Dataset entries ::
==================================================

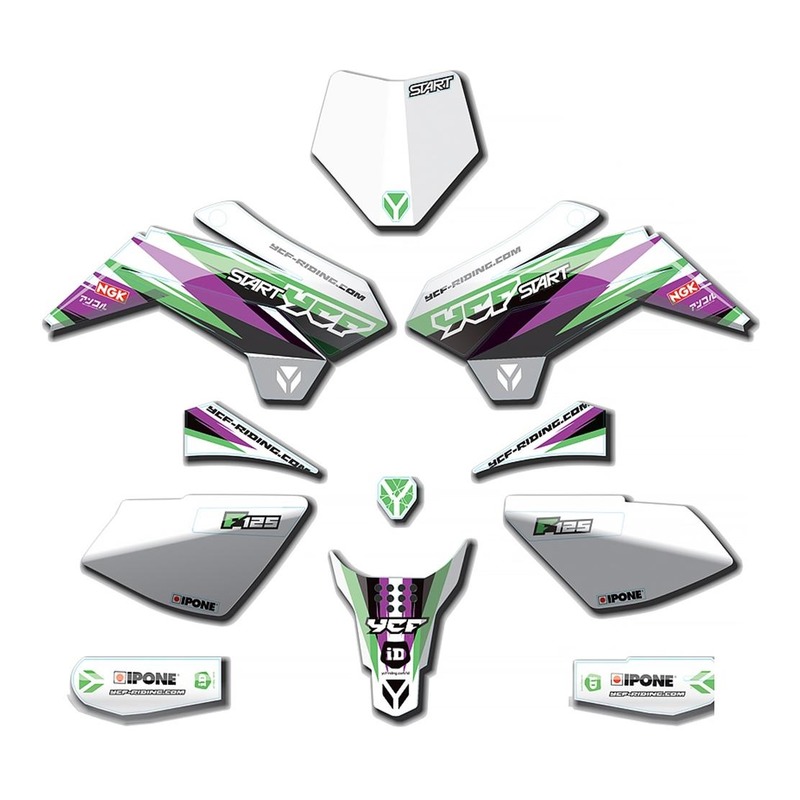 Kit déco 2021 YCF F125S à partir de 2020 vert/violet/blanc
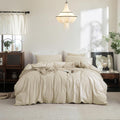 FOSSA Duvet Cover Set 100% Washed Cotton Linen Feel Queen - Cozy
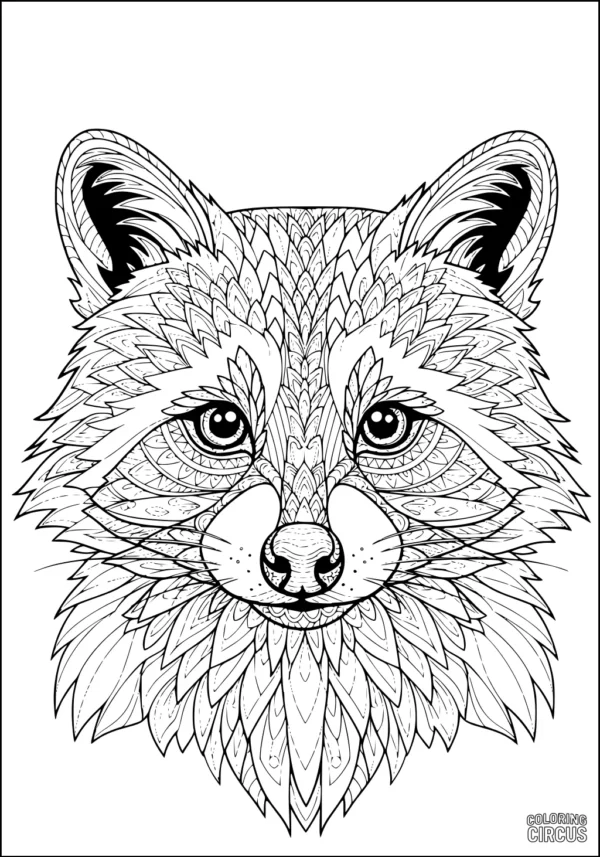 Coloring page featuring a detailed raccoon head with intricate patterned fur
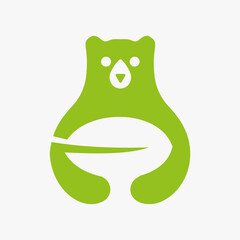 Bear Eco Logo Negative Space Vector Template. Bear Holding Leaf Symbol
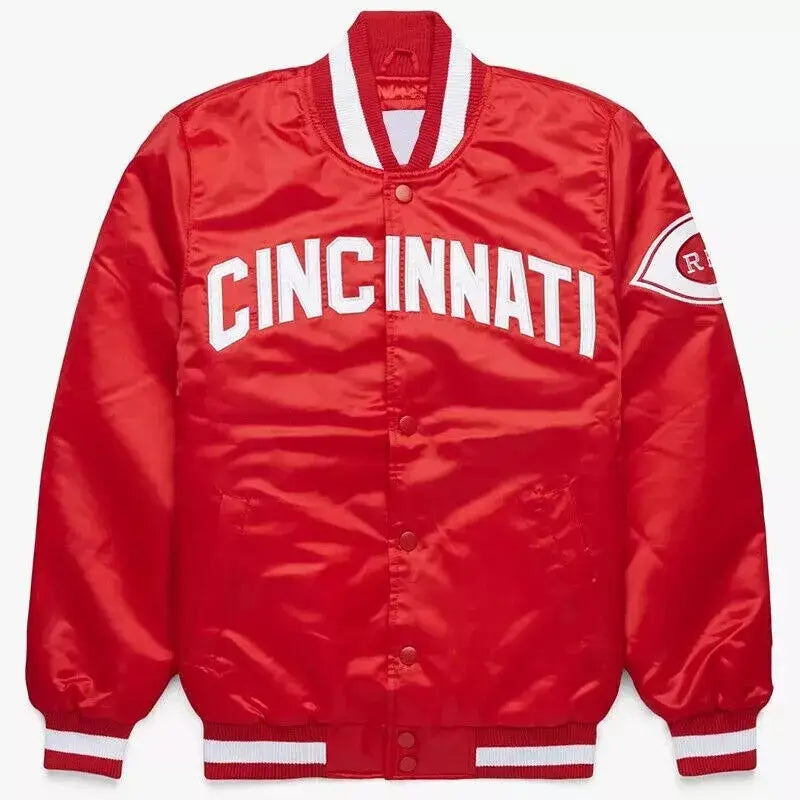Cincinnati Reds 1980s Red Satin Letterman Jacket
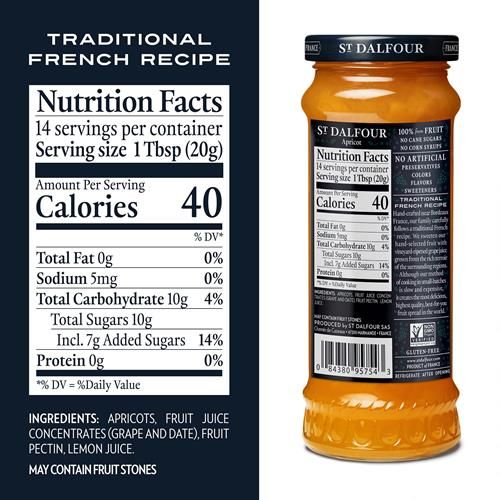 St. Dalfour Apricot Fruit Spread - 10Oz - 100% From Fruit, No Artificial Ingredients, Non Gmo, No Cane Sugars, All Natural, Made In France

==================================================

Work item ::
Word for word, restate each line above, minus its pictures.

Answer for the task ::
 Kit déco 2021 YCF F125S à partir de 2020 vert/violet/blanc
 FOSSA Duvet Cover Set 100% Washed Cotton Linen Feel Queen - Cozy
 Coloring page featuring a detailed raccoon head with intricate patterned fur
 Bear Eco Logo Negative Space Vector Template. Bear Holding Leaf Symbol
Cincinnati Reds 1980s Red Satin Letterman Jacket
 St. Dalfour Apricot Fruit Spread - 10Oz - 100% From Fruit, No Artificial Ingredients, Non Gmo, No Cane Sugars, All Natural, Made In France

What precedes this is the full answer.